Hindustan Times Ranchi

|

February 07, 2026

Mutton is a slippery word. Abroad, it's sheep or lamb. In India, it's almost always goat, which is the leaner, more flavourful, under-appreciated meat

- VIR SANGHVI

My wife is not a vegetarian. She loves a good meat biryani as much as I do. Give her a kakori kabab, and while the high fat content may vanquish her after the second kabab, she will still enjoy it enormously.

But take her to an Indian restaurant abroad and she will suddenly refuse to eat the meat. No mutton kababs for me, she will insist. No lamb at all, she will add. At European restaurants, this refusal will be even more emphatic. Even if I tell her that roast lamb will go perfectly with the very nice Bordeaux I have ordered, she will eat something else.

It's difficult to explain to most people — especially foreigners — why she will eat mutton in India but not abroad. But if you understand the linguistic confusion perpetrated by Indian chefs and restaurateurs, then you will know at once what the problem is.

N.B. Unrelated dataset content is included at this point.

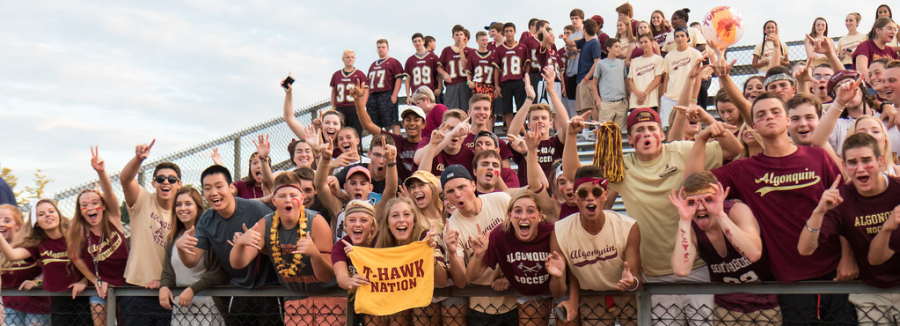 Seniors manifest their T-Hawk pride throughout the sports seasons, lending to the nostalgia once the season is over. 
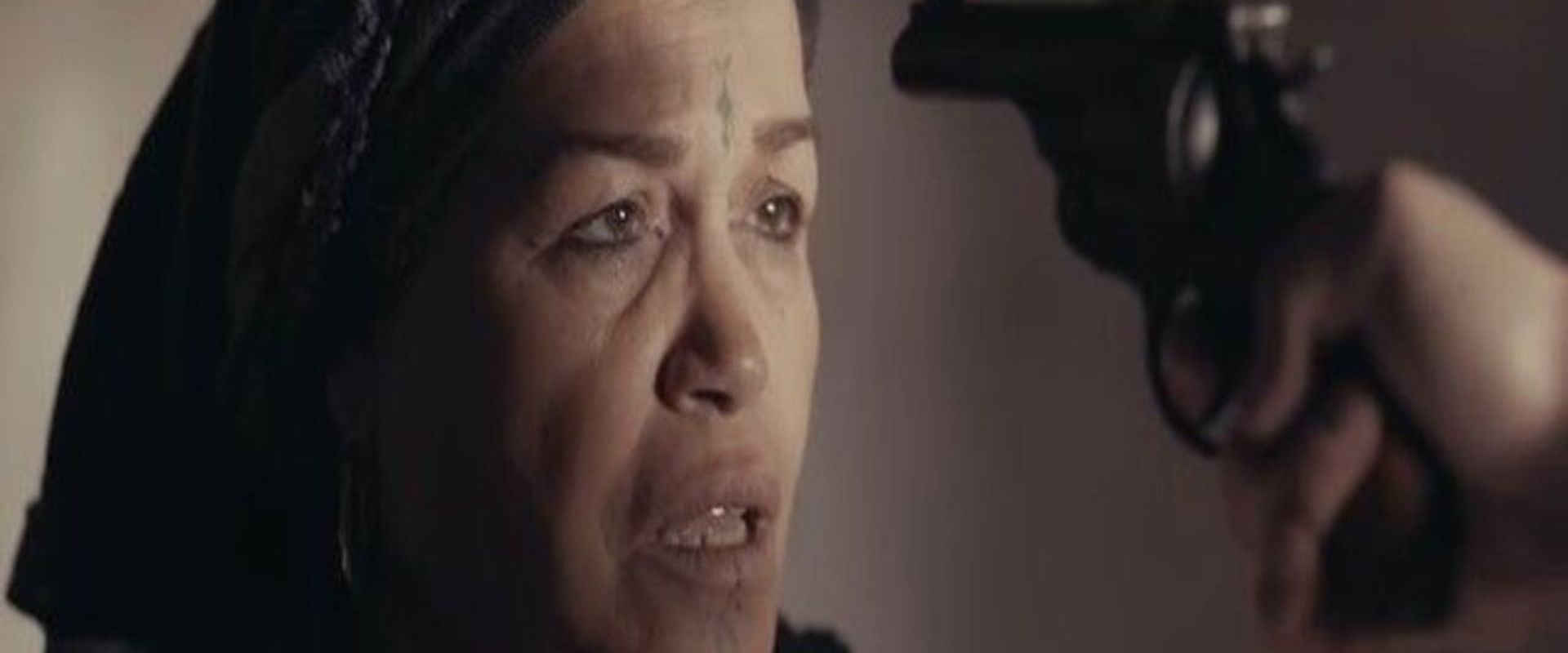 Qalb Al-Theeb's banner image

The truth is that we don't eat lamb in India. We eat goat. For reasons I have never fully understood, restaurants lie about this. They always pretend they are serving lamb. At Indian restaurants abroad, where goat is often hard to come by, chefs substitute lamb for goat in many dishes. They argue that it tastes nearly the same and that anyway, no one can tell the difference.

They are wrong on both counts. Not only does lamb not taste the same as goat, my wife can always tell the difference.

It's not just restaurateurs who muddle the distinction. All of us confuse the issue when we speak of mutton. All over the world, mutton has a specific meaning. It refers to meat from a sheep that is more than a year old. A younger animal is called a lamb. (That's why Mary had a little lamb not a grownup sheep.)

But in India, mutton just means meat from a sheep or a lamb or a goat of any age at all.